One troublesome takeaway from the quarter was that the volume of Eurodollar contracts dropped year over year. This is the company's biggest product line, and is a key indicator of the company's future growth. Since it serves as a driver for analyst estimates, you can look for estimates to come down slightly in the near term, although the drop on the stock has largely priced in this news.

Another trouble is that margins for traders have increased. This move was to reduce some of the speculation in futures contracts, due to ever-increasing commodity prices. This speculation is certainly something that regulators and the government would want to contain, but the CME eats up, since more speculation lead to more trades and more profits. The increase in margins may be leading to less trading.

Looking Forward
A lot of the problems can likely be attributed to market conditions, and firms reacting in an effort to reduce risk, and lower leverage to do so. This does impact CME and causes some added risk in the stock, but I still like the growth in the company. Also the risk of regulatory change proposed by Treasury Secretary Hank Paulson, seems to be dead in the water, at least for now.

CME Group is set to acquire NYMEX Holdings (NYSE:NMX), parent of the New York Mercantile Exchange, for around $9.4 billion, pending shareholder approval. This deal will even further solidify its status as the leader in futures trading. I think there will be further integration benefits to this deal, and I view the company's current growth as still impressive with the amount of risk that has currently come out of the market. I like the stock, but view it as a little riskier than its stock exchange counterparts due to valuation.

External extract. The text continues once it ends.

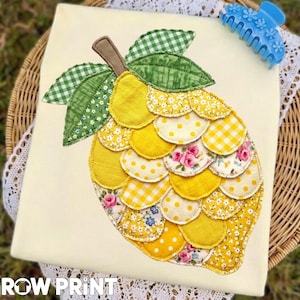 Puede incluir: Una aplicación decorativa de limón sobre tela color crema. El limón está hecho de piezas de tela amarilla con varios patrones, incluyendo lunares, estampados florales y cuadros vichy. Hojas verdes y un tallo marrón completan el diseño. Una pinza azul para el pelo descansa sobre la tela.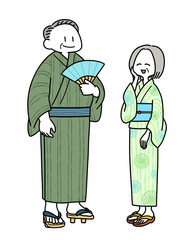 浴衣を着た年配の男女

The stock currently trades at a higher price-earnings multiple than both the NYSE Euronext (NYSE:NYX), and Nasdaq OMX Group (Nasdaq:NDAQ), but also has high growth potential. Dangers of regulatory changes and prolonged risk averseness in the market make the outlook for CME Group a little more blurry, but I would recommend the stock on the downturn for those who are willing to take on a little added risk. (For background on the various exchanges, check out Getting To Know Stock Exchanges.)

The Bottom Line
CME Group posted first-quarter profit that more than doubled from a year ago, and still it failed to meet market expectations for the new combined options and futures powerhouse. True, the company missed estimates on both the top and bottom line, but it still has solid growth potential going forward. The shares reflect higher growth in their valuation, but overall I think the recent drop in the stock price is providing an entry point for investors willing to take on some risk.